_Source material_:
Content starts

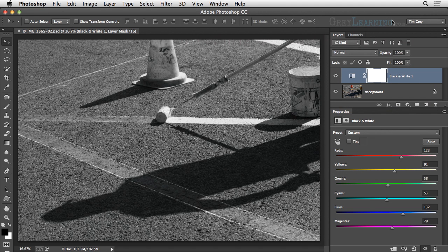I've converted my original color photograph into a black and white interpretation by adding a black and white adjustment layer in Photoshop that allows me to lighten and darken various areas of the image based on their original color value, but perhaps more importantly, it allows me to apply that adjustment in a targeted way. By default, an adjustment layer will affect the entire image.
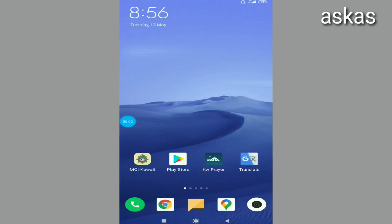Welcome to Ask Aars Mobile Tips. Friends, if you look at the mobile, you can see the photo and the photo is 7th.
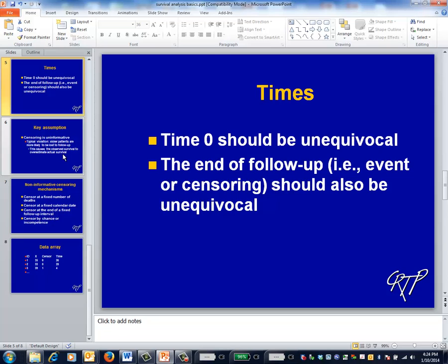If your time zero is a bit squishy, you should get help. You also need to know when follow-up ends. The simplest case is when the time of the event or censoring is known precisely — for example, date of death from a death registry or date of the last clinic visit. Workarounds are available when follow-up times are only approximate, for example if all that you know is that an event occurred during the previous six months. For simplicity, we'll assume that all the times in question are firm.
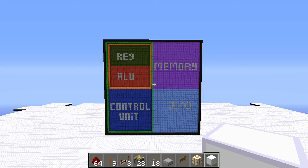Hello everyone, it's Benny, and in this video we're going to start talking about registers. Because we've already finished our ALU at this point, there's nothing more to be said or to do. So we're going to start talking about what our registers are, what they do, and what makes the ideal register.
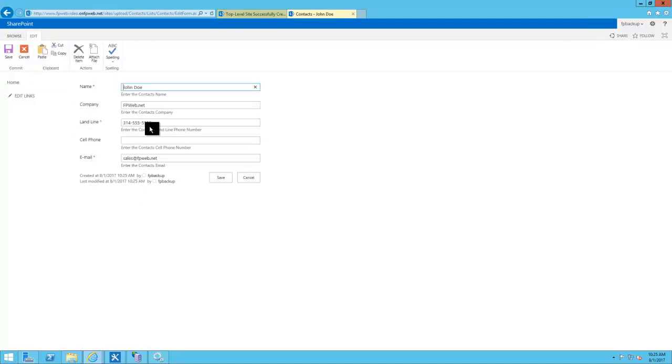So here we're going to change his landline phone number, the last four digits, from all fives to one, two, three, four. Then I'm going to hit save and you can see it's updated there.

Content ends

Copy every record exactly, dropping the images.

I've converted my original color photograph into a black and white interpretation by adding a black and white adjustment layer in Photoshop that allows me to lighten and darken various areas of the image based on their original color value, but perhaps more importantly, it allows me to apply that adjustment in a targeted way. By default, an adjustment layer will affect the entire image.
Welcome to Ask Aars Mobile Tips. Friends, if you look at the mobile, you can see the photo and the photo is 7th.
If your time zero is a bit squishy, you should get help. You also need to know when follow-up ends. The simplest case is when the time of the event or censoring is known precisely — for example, date of death from a death registry or date of the last clinic visit. Workarounds are available when follow-up times are only approximate, for example if all that you know is that an event occurred during the previous six months. For simplicity, we'll assume that all the times in question are firm.
Hello everyone, it's Benny, and in this video we're going to start talking about registers. Because we've already finished our ALU at this point, there's nothing more to be said or to do. So we're going to start talking about what our registers are, what they do, and what makes the ideal register.
So here we're going to change his landline phone number, the last four digits, from all fives to one, two, three, four. Then I'm going to hit save and you can see it's updated there.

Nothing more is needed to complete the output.